Significant administrative change got underway at the Annual General Meeting in November of 2001. The Association adopted a new constitution, new structure, and a new name, the Bahamas Association of Athletics Associations. Just as the international body had eliminated the term “amateur” from its name our local body followed suit.

Strong, exemplary and dedicated leadership has been the hallmark of the association over the years. Since 1952 there have been some twelve presidents. The founding president Alfred F. Adderley, was a brilliant lawyer. A year later he died on the airplane while returning to Nassau from the coronation of Queen Elizabeth II in 1953. Subsequent presidents were: Cyril “Cap” Richardson, Harold Munnings, Levi Gibson, Hon. Paul Adderley, the son of the founding president, Sir Arlington Butler, Rev. Enoch Backford, Winston Cooper, Dr. Bernard Nottage, Alpheus Finlayson, Foster Dorsett, and current president Thomas Desmond Bannister.

Based upon it’s small population, currently just over three hundred thousand, the success of the Bahamas in world events has been more than fantastic. At an exhibition put on at City Hall in Stuttgart during the 1993 IAAF World Championships, the Bahamas was labeled “Small Country Great Athletes”.

Easter of this year saw the sixth hosting by the federation of the Annual Carifta Games. The Bahamas finished second in the overall medal count. IAAF president Lamine Diack was in attendance making him the first IAAF president to visit the Bahamas and the first IAAF president to attend the Carifta Games.

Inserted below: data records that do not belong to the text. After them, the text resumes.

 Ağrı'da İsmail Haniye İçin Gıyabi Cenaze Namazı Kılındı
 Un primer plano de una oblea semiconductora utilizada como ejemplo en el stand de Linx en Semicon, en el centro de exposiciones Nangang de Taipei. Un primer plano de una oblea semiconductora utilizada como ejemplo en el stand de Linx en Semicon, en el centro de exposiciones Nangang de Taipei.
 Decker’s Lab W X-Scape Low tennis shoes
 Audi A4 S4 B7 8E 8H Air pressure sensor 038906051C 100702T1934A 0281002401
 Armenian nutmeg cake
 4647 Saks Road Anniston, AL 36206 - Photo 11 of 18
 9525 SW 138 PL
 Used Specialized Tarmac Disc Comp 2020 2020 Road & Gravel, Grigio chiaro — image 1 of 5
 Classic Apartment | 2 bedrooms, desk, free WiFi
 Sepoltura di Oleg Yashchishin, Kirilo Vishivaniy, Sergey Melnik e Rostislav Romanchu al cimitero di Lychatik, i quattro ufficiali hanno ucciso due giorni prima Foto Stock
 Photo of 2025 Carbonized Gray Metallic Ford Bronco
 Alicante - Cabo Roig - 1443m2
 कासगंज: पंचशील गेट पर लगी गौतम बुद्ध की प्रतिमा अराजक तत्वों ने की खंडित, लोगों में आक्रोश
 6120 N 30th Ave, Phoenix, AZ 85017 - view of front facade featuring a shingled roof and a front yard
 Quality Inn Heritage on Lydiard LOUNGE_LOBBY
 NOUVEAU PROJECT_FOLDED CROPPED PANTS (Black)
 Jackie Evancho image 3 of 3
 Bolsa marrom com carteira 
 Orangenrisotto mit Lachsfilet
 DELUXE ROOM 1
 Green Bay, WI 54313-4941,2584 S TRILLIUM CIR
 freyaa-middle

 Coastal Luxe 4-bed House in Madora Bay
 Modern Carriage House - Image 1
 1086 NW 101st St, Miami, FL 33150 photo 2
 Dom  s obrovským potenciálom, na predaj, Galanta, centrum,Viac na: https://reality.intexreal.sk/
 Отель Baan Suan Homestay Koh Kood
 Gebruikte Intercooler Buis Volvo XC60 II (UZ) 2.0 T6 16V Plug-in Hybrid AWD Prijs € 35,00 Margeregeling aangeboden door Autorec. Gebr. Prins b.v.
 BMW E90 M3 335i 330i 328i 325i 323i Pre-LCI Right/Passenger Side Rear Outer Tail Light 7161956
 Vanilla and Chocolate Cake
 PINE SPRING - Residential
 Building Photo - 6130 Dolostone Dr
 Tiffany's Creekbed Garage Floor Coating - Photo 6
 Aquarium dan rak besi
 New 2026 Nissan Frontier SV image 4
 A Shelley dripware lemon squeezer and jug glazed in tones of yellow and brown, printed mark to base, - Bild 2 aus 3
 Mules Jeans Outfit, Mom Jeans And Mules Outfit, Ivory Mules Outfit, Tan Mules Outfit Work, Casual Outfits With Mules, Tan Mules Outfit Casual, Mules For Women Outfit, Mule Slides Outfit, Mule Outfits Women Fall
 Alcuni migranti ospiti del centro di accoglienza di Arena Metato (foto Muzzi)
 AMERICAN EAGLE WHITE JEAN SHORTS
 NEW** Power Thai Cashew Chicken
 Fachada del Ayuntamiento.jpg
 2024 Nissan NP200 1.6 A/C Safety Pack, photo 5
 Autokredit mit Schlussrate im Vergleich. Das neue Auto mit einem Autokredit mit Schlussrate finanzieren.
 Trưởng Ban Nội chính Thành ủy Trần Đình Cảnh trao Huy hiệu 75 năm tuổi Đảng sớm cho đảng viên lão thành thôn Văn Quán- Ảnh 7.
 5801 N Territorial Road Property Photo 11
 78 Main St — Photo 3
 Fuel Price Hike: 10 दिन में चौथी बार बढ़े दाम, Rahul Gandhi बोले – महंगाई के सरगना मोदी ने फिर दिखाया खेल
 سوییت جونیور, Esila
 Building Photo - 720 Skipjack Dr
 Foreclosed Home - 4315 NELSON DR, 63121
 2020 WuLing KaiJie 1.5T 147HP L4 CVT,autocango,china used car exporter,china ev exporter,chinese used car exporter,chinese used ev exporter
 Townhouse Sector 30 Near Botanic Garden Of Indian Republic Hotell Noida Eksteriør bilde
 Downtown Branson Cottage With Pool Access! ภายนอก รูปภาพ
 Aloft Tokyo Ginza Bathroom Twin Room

Last year the Bahamas hosted the Central American and Caribbean Age Group Championships in Freeport, Grand Bahama. This was significant for two reasons. Firstly, this was the first time that an international event was held at a venue outside of the capital, Nassau. Secondly, the Bahamian team won the event.

The success of these two international meets hosted in the Bahamas is a continuation of the success of the Bahamas Track and Field program over the years. It has also laid a solid foundation for future success.